Sosyalist hareket düzen içi sınırlara hapsedildikçe, siyaseti ancak temsil düzleminde görmeye başladıkça ve aktüel gerilimlere müdahale edecek örgütlü gücünü, kitleleri seferber edebilme kapasitesini yitirdikçe iktidar içindeki gerilimlere ederinden fazla anlam yüklenmeye başladı.

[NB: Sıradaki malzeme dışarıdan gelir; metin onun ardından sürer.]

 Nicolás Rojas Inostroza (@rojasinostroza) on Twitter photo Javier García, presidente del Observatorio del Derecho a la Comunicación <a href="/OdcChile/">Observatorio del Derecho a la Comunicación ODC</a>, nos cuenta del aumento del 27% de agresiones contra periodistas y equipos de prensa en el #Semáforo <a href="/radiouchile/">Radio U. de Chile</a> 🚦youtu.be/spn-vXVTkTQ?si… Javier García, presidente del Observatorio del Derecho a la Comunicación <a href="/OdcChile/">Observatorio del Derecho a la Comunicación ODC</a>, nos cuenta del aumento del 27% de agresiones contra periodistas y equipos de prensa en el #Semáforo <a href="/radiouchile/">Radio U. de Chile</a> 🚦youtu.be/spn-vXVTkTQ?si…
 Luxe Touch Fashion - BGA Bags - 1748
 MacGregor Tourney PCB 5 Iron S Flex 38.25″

İktidar içi çatışmalar elbette devrimci hareketler olarak fırsat olarak değerlendirilebilir. Ancak bu fırsatın sürece müdahale edebilecek örgütlü güç ve kitleleri seferber edebilme kapasitesiyle anlam kazanır. İç gerilimler örgütlü bir halk muhalefeti olmadan, kendiliğinden krize de dönüşmez.

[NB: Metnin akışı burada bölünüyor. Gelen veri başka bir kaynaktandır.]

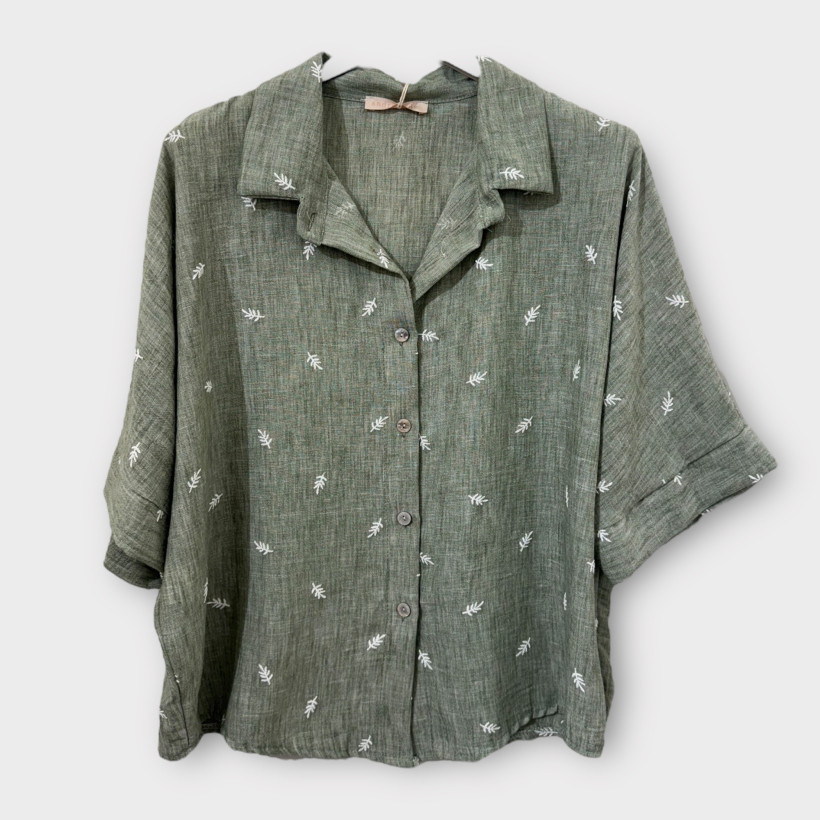CHEMISE PETIT BLE TU 36 AU 44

25 Kasım eylemlerinin ana gündemleri 6 Şubat depremleri, Aydın’da kaldığı KYK yurdunda asansörün düşmesi sonucu yaşamını yitiren Zeren Ertaş, Filistin’deki direniş, Rojava’ya yönelik operasyonlar, kadınların “kutsal aile”ye sıkıştırılmak istenmesi, 6284 sayılı kanunun kaldırılmak istenmesi ve kazanılmış diğer haklara yönelik saldırılar oldu.

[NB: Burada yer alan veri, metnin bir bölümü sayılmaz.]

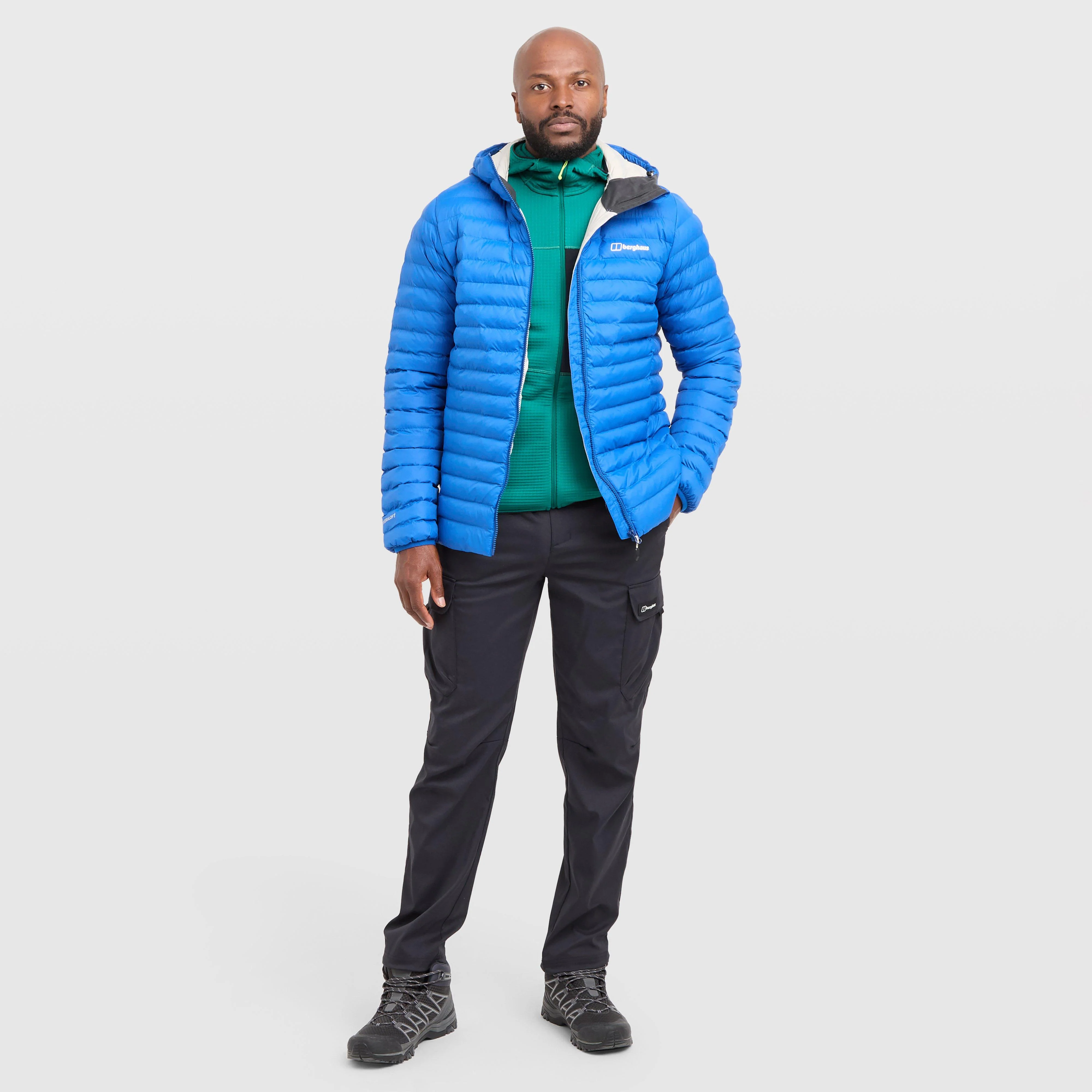 Men’s Claggan Jacket - Image 3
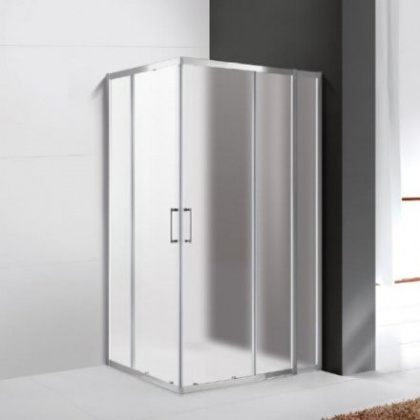 MOLVENO-AH-21-100+20-P-Cr Душевой уголок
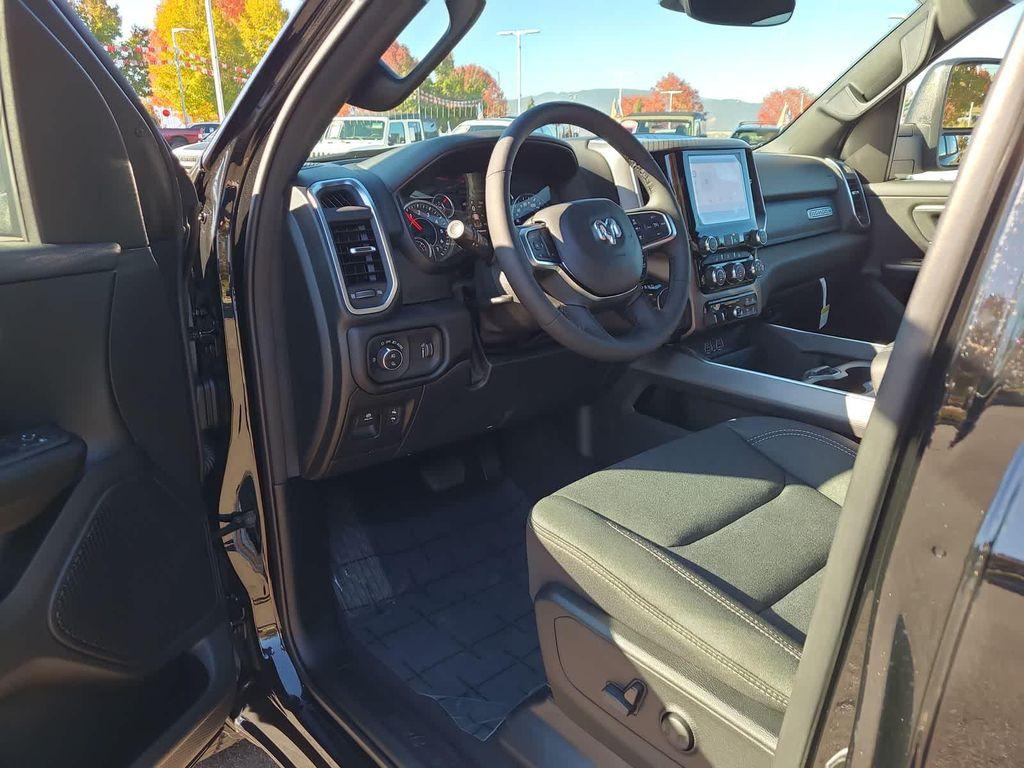 new 2026 Ram 1500 car, priced at $54,999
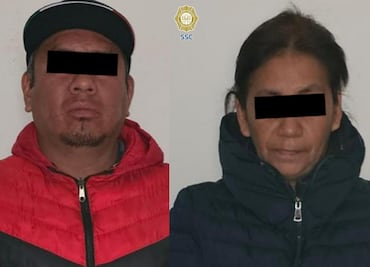 SSC confirma 2 detenidos presuntamente ligados a feminicidio y fosas clandestinas en Xochimilco; aseguran crystal y cocaína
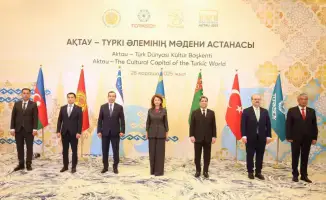 На заседании министров культуры ТЮРКСОЙ в Актау представлены инициативы по реформированию организации к 2026 году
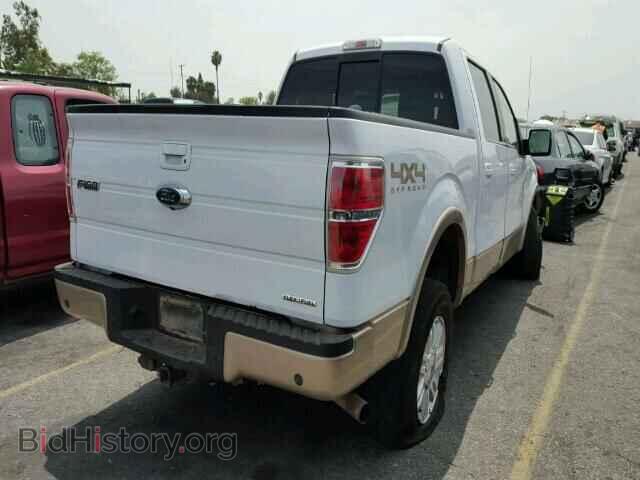 2013 FORD F150 - VIN: 1FTFW1EFXDFC13018 - Фото 4
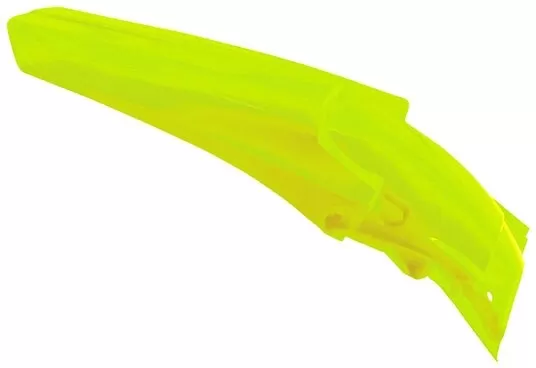 Rtech Rear Fender Suzuki RMZ 250 Neon Yellow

Ancak istisna yerleri saymazsak 25 Kasım eylemleri pek çok yerde sönük geçti. Hemen her ildeki kötü hava koşulları da eylemlere katılımı negatif anlamda etkilemiştir ancak temel gerekçenin bu olmadığı aşikar.
Örgütlenme sürecindeki motivasyonsuzluk eylemlere de yansıdı. Birkaç istisna ili saymazsak hiçbir yerde eylemleri engelleyecek boyutta bir polis şiddeti yoktu ancak geçtiğimiz yıllara göre katılım da coşku da düştü. Örgütlü katılımın oranı da erimeye devam etti.
İstanbul’da eylemin kitlesel geçmesi kaygısıyla Taksim’den vazgeçip Mecidiyeköy’deki eyleme razı olma durumu, kitleselliği getirmediği gibi yenilgi psikolojisini de pekiştirdi.
Burda Bebek’te, Aluform Pekintaş’ta, Asır Plastik’te, Corning Kablo’da, Agrobay’da, Özak Tekstil’de işçiler sendikal hakları ve sefalet ücreti dayatmalarına karşı direnişlerini sürdürüyor. Ancak sendikal hareketin geleneksel merkezlerinde asgari ücret ve bütçe görüşmeleri gibi iki önemli gündem öncesinde büyük bir sessizlik hakim. DİSK, bağlı sendikaların üyelerinin bile katılımını önemsemediği “Gelirde adalet, vergide adalet” yürüyüşünü tamamlarken ne süren işçi direnişlerine ne de asgari ücret görüşmelerine dair bir program ortaya koydu.
Mutabık olunan saldırı planı belli. Özelleştirmeler, kamusal hizmetlerin içinin boşaltılıp kapsamının daraltılması, ticarileştirme hamleleri halkı yaşama tutunmak için ücret gelirine mahkum etti. Neoliberal yıkım, önümüzdeki günlerde geniş kesimleri bu ücret gelirinden de mahrum bırakacak bir programla karşımızda.
Oligarşinin geniş mutabakatına dayanan bu yıkım programına karşı hak mücadelelerini yeniden yükseltme görevi önümüzde duruyor. Ancak bugün hak mücadeleleri önceki döneminden farklı olarak neoliberal saldırıya karşı savunma hattı üzerine değil; yaşamı yeniden inşa etme, halktan çalınanı geri alma mücadelesi ekseni üzerinde inşa edilebilir.
Ücretlerin artırılması; ücrete olan bağımlılığın azaltılması için özelleştirilmiş olan her şeyin kamulaştırılması, ticarileştirilmiş olan her şeyin toplumsallaştırılması önümüzdeki mücadele döneminin ana başlıkları olacak.
Bu program aynı zamanda iktidar karşısında yenilmiş ve yenilenme, yeni inisiyatif merkezleri ihtiyacı olan sınıf hareketi, kadın hareketi ve tüm toplumsal hareketler için de kurucu bir zemin sağlayacak.
Halkın bağımsız siyasetini örgütlemekten başka çıkış yolumuz, halkın örgütlü gücünden başka güvencemiz yok.